Which brings me back to square one. Who to root for? It’s like what the tagline of Alien vs. Predators so eloquently said, “Whoever Wins, We Lose!”

So after the jump, I’m going to run down all my reasons for and against rooting for each team in the Finals this year.

Let’s start with the Miami Heat.

Thank the old gods and the new for Joakim Noah.

I’ve already stated my disdain for this team. Full disclosure, I’m a dyed in the wool fan of the Chicago Bulls. So, in my estimation, whoever wins the title this year will have a big, fat asterisk next to their name: for winning a title in a lockout-shortened season. And for Derrick Rose’s knee.  Also, being a fan of the Bulls, it’s written that you cannot under any circumstances root for the Heat. It’s in the contract.

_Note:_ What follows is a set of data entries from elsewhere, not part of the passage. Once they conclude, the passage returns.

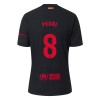 Camisola FC Barcelona Pedri 8 Homen Equipamento 2ª 24/25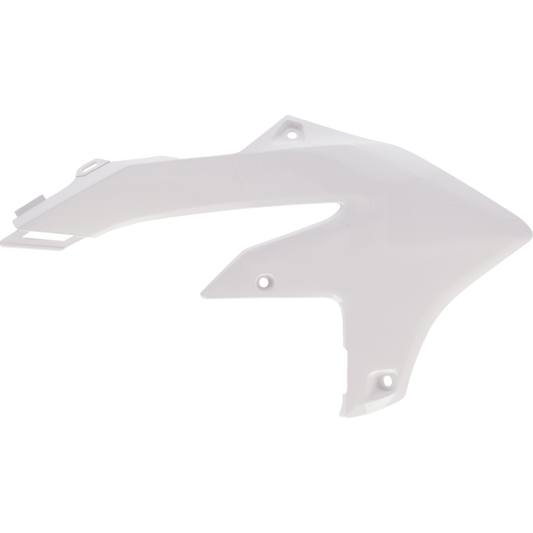 ACERBIS RADIATOR SHROUD-YZ450F:23-23 WHITE 2979530002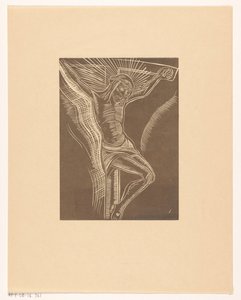 Christ en croix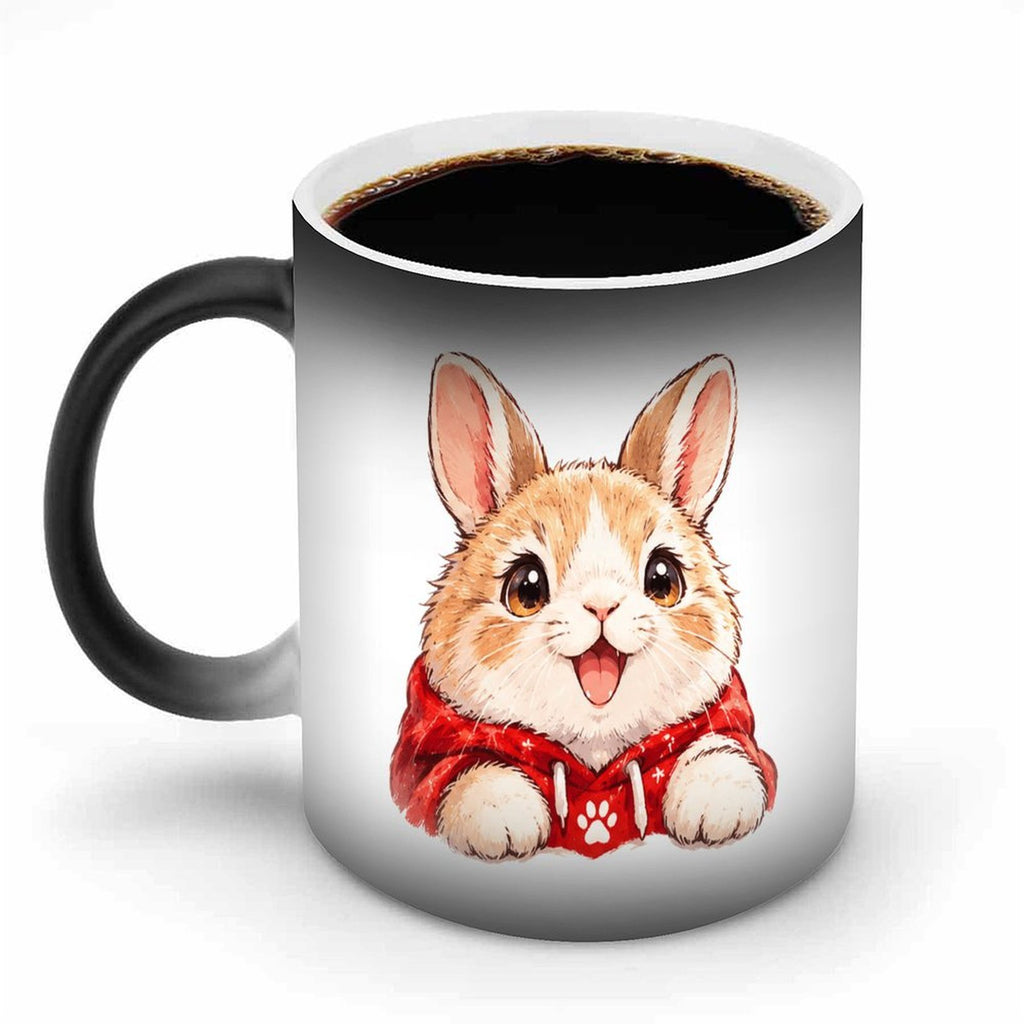 Custom Pet Portrait Magic Mug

If the Heat win, I’m trademarking #Sposanity now.

That said, the only reason I can think of to root for the Heat is for their head coach Eric Spoelstra. Long before #Linsanity took over the world, Coach Spo was arguably the most important Asian American in the NBA. When he took over the Heat in 2008, Spoelstra, who’s Filipino, became the first Asian American head coach in any of the major American pro sports (NBA, NFL, MLB, NHL). At the time, I even wrote about it over on Rice Daddies. So I guess it would be nice to see an APA coach hoisting the Larry O’Brien, but even if the Heat were to win the title, I get the feeling Spo won’t get any of the credit. And I think he’s been unfairly criticized throughout the Big Three era. Sure, he was outcoached by Doc Rivers in four of the seven Conference Finals games, but Doc’s one of the best coaches in the game. I also feel bad for Spo because it’s obvious at times that Wade and James aren’t really listening to him. But I guess good coaching is also convincing your best players to listen to you even if they don’t like you. Other wise known as “why Phil Jackson is Better than Mike Brown” theory.

But yeah, other than ethnic pride, I gots no other reason to cheer on LBJ, D-Wade and their pet dinosaur.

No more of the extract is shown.